Nachdem es in neuen Gnome-Versionen zuletzt vorrangig um die Verbesserung von Performance und Stabilität der Desktopumgebung ging, bringt Gnome 40 erstmals wieder umfassende optische Änderungen der Shell mit. Darüber hinaus hat die neue Version aber auch viele funktionale Neuerungen im Gepäck.

Als das Gnome-Projekt 2011 die Gnome-Shell vorstellte, die die Desktopumgebung in puncto Optik und Funktionalität stark umkrempelte und von anderen Desktops abhob, kehrten viele Nutzer dem Projekt den Rücken.
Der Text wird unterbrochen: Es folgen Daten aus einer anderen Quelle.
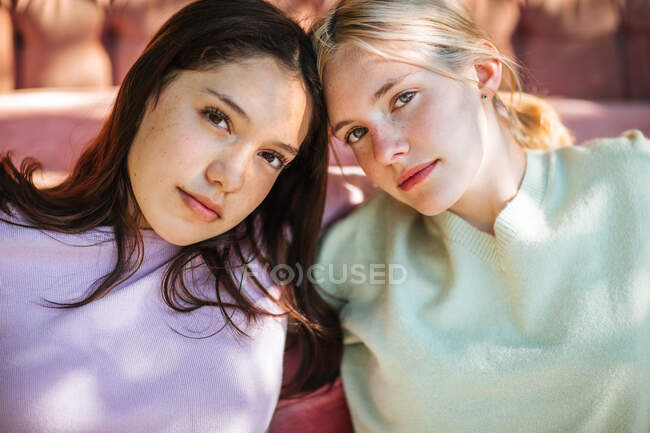 Ніжні сестри-підлітки, сидячи біля зручного дивана в саду в сонячний день і дивлячись на камеру — стокове фото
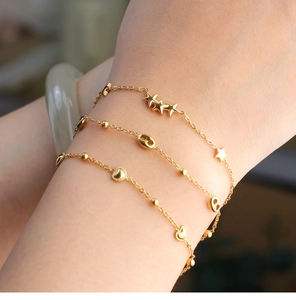 Detailed close-up of layered 18K gold-plated bracelets featuring stars, hearts and beads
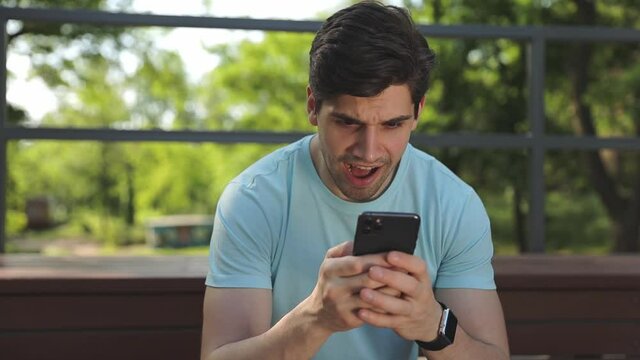 Young calm man 20s wears blue t-shirt sit on bench hold in hand using mobile cell phone read sms rest relax in spring green city park sunshine day outdoors on nature. Urban lifestyle leisure concept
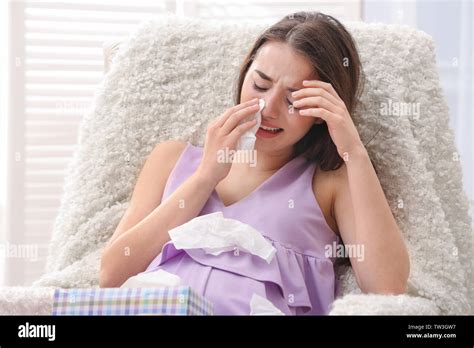 Young pregnant woman crying at home Stock Photo - Alamy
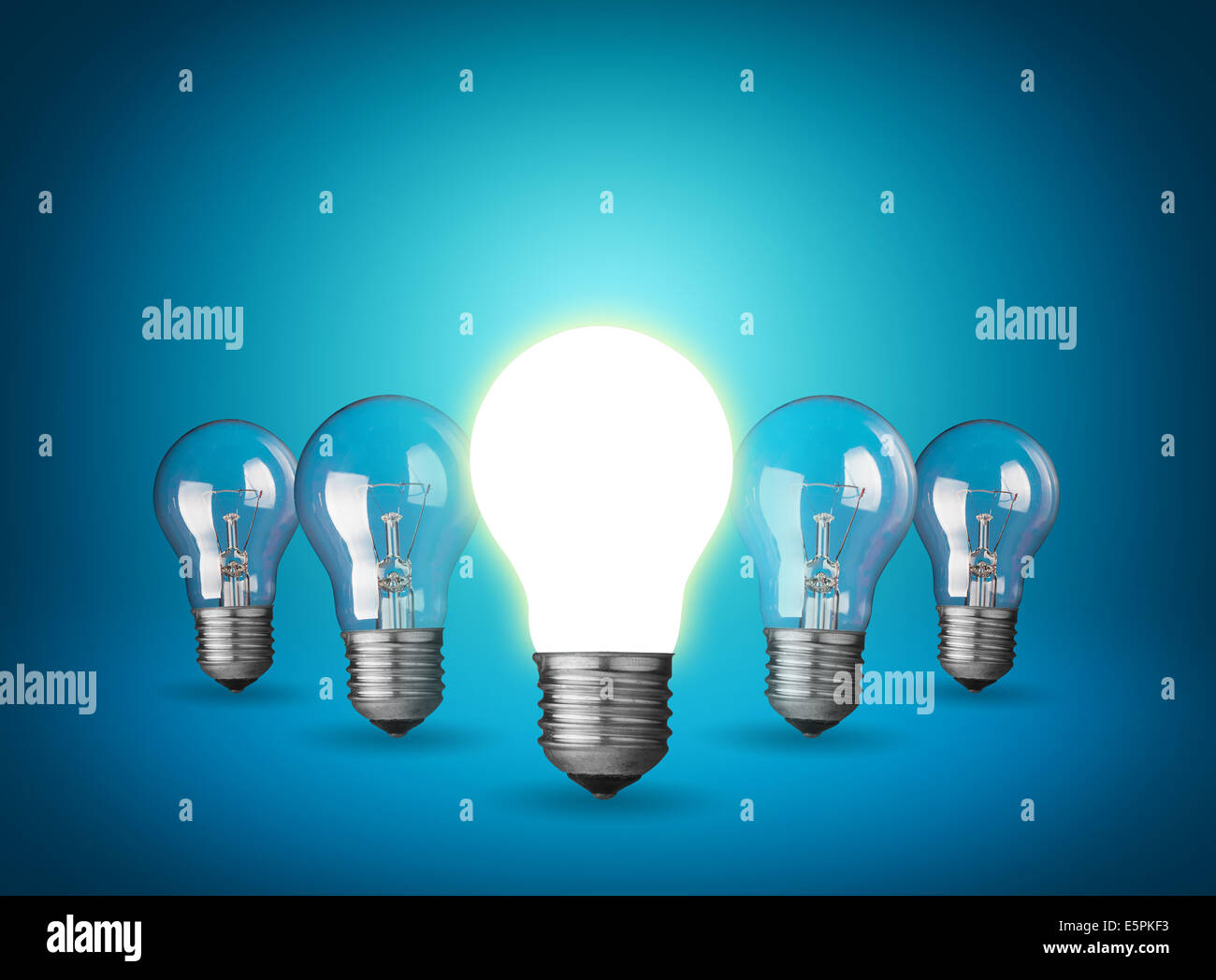 Idea concept with light bulbs on blue background Stock Photo - Alamy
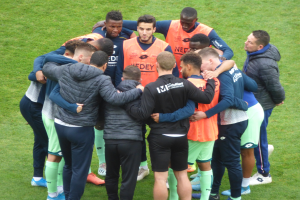 Eine Gruppe von Männern in Jacken steht im Kreis auf einem Fußballfeld.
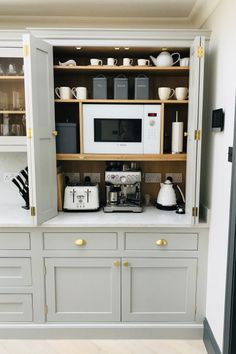 a kitchen with gray cabinets, white appliances and gold trim on the doors is seen in this image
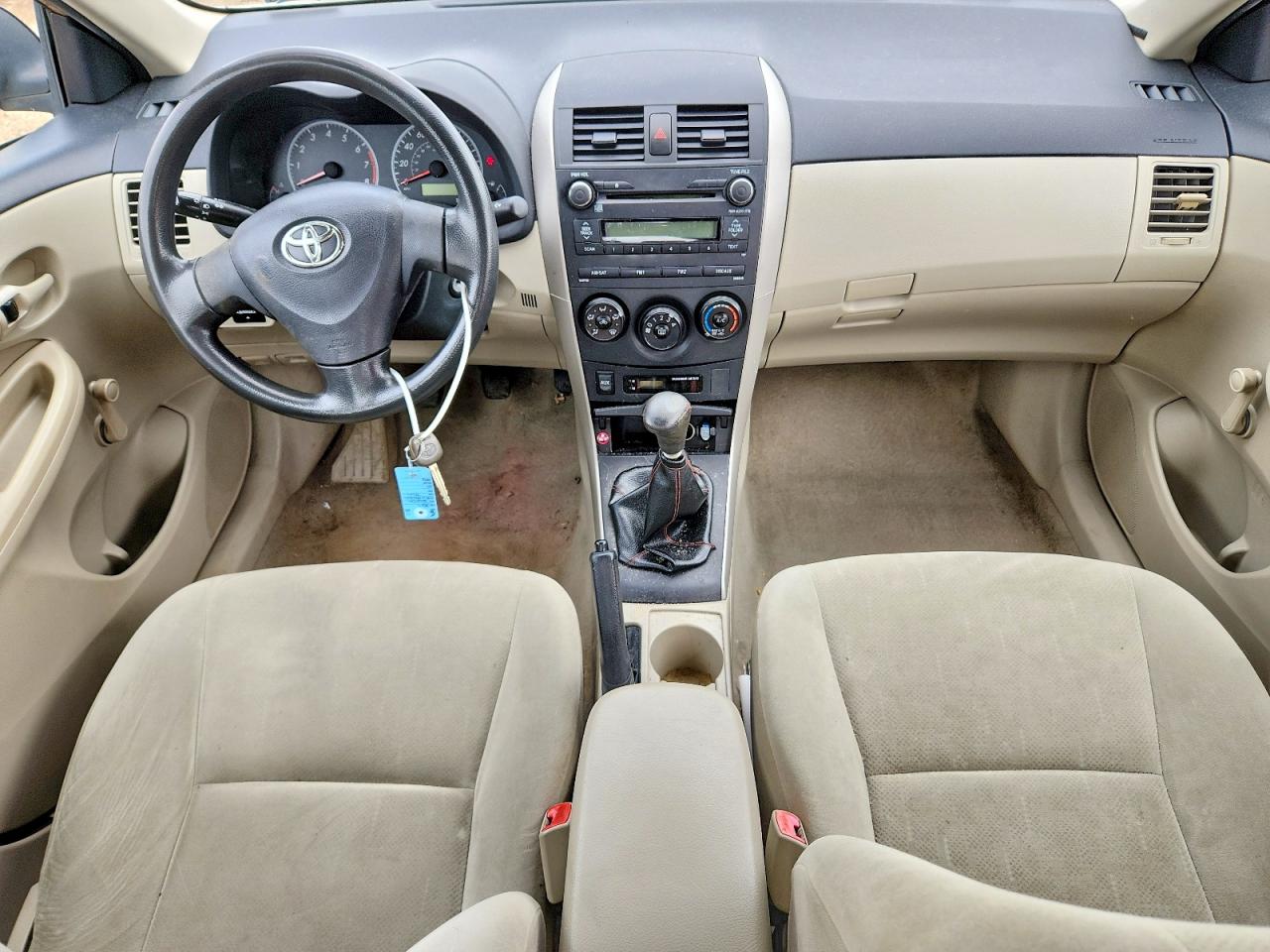 2011 Toyota Corolla Base Tan vin: 2T1BU4EE7BC727038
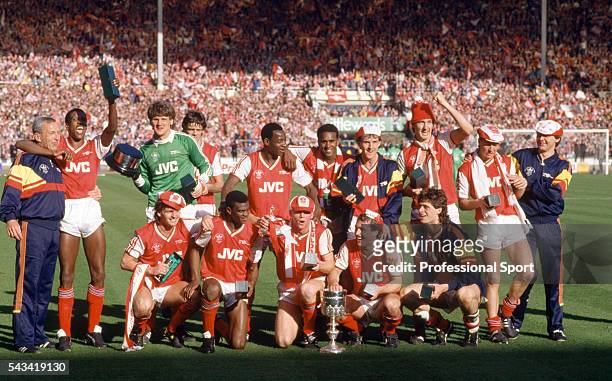 The Arsenal team celebrate with the trophy after the Littlewoods League Cup Final between Arsenal and Liverpool at Wembley Stadium in London, 5th...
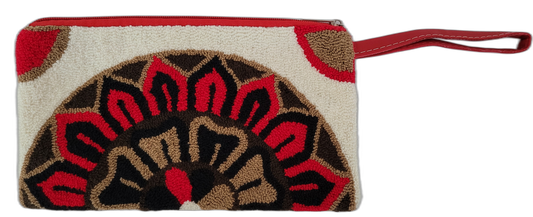 Boho wristlet clutch with bold artisan design and red leather strap

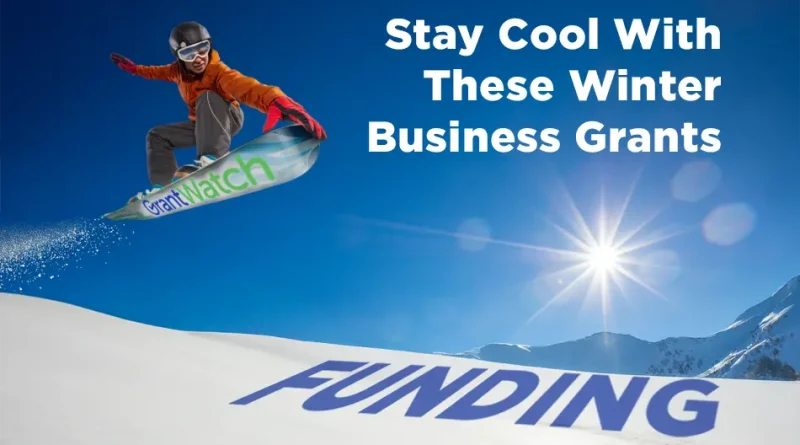 A snowboarder jumps across a snowy mountain slope on a snowboard labeled “GrantWatch,” with the word “FUNDING” printed in large letters on the snow and the text “Stay Cool With These Winter Business Grants” in the sky above.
Die zugrundeliegende Idee, den Benutzer möglichst wenig von seiner aktuellen Tätigkeit abzulenken, zündete letztlich aber doch: Mittlerweile hat sich das Projekt nebst Shell eine treue Fangemeinde erarbeitet, die nun einiges Neues geboten bekommt.

Ein kleiner Einblick in GNOME 40 (3 Bilder)

Stabile Seitenlage

Das GNOME Dash gleitet nun von unten nach oben in den Bildschirm, und auch der Application Launcher scrollt nun waagerecht und nicht wie zuvor senkrecht.
(Bild: Screenshot)

All jene, die die bereits im September 2020 die Ankündigung des neuen Versionsschemas verpasst haben, dürften angesichts der Versionsangabe zunächst einmal stutzen. Denn zwischen der Versionsnummer des bislang letzten stabilen Gnome-Releases (3.38) und der nun aktuellen "40" ist reichlich Platz. Wer hier einen technischen Quantensprung oder einen epochalen Totalumbau wie beim Wechsel von Gnome 2 zu Gnome 3 erwartet, liegt jedoch falsch: Das neue Schema soll Unzulänglichkeiten der bisherigen Versionierung umschiffen. Details hierzu haben wir bereits in einer früheren Meldung erläutert:

Die erste deutliche optische Veränderung bemerkt der Nutzer bereits unmittelbar nach dem Login in Gnome 40: Wo die Umgebung früher einfach einen leeren Desktop samt Wallpaper präsentierte, landet man nun unmittelbar in der "Aktivitäten"-Ansicht. Bislang war ein Mausklick auf den "Aktivitäten"-Button oben links nötig, um zu dieser Ansicht zu gelangen. In der Aktivitätsansicht präsentiert sich unvermittelt die zweite und wohl deutlichste Änderung der neuen Version: Die "Workspaces", also virtuellen Desktops, sind jetzt waagerecht nebeneinander angeordnet statt senkrecht wie zuvor. Das passt nicht nur viel besser zu modernen Ultra-Widescreen-Monitoren, sondern macht dank neuer Gesten – Steuerungsmöglichkeiten für den Desktop, auf die wir später noch zurückkommen – auch das Navigieren zwischen den einzelnen Desktops viel angenehmer.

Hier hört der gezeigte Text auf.